*Work to complete*.
The lines from the first line of the entries through the line containing "8010 N BROOKS ST, TAMPA, FL, 33604" are to be repeated exactly, with both of those lines included.

Collection entries:
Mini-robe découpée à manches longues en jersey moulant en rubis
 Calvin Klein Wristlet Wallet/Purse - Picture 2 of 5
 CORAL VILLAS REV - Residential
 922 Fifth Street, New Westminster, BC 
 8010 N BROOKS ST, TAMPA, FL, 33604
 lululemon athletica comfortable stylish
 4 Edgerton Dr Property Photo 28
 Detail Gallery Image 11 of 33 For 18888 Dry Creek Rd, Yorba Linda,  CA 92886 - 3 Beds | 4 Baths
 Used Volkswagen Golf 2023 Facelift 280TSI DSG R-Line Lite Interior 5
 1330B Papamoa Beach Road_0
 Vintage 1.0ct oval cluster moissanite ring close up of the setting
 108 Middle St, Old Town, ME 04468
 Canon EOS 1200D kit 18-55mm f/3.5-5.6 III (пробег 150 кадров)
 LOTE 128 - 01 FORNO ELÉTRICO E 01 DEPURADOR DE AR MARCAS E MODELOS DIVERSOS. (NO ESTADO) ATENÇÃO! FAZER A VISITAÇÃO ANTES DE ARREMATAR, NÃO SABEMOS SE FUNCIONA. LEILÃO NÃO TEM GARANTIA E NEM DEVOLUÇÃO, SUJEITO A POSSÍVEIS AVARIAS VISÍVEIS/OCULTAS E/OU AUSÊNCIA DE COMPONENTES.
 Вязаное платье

*Answer space*.
Mini-robe découpée à manches longues en jersey moulant en rubis
 Calvin Klein Wristlet Wallet/Purse - Picture 2 of 5
 CORAL VILLAS REV - Residential
 922 Fifth Street, New Westminster, BC 
 8010 N BROOKS ST, TAMPA, FL, 33604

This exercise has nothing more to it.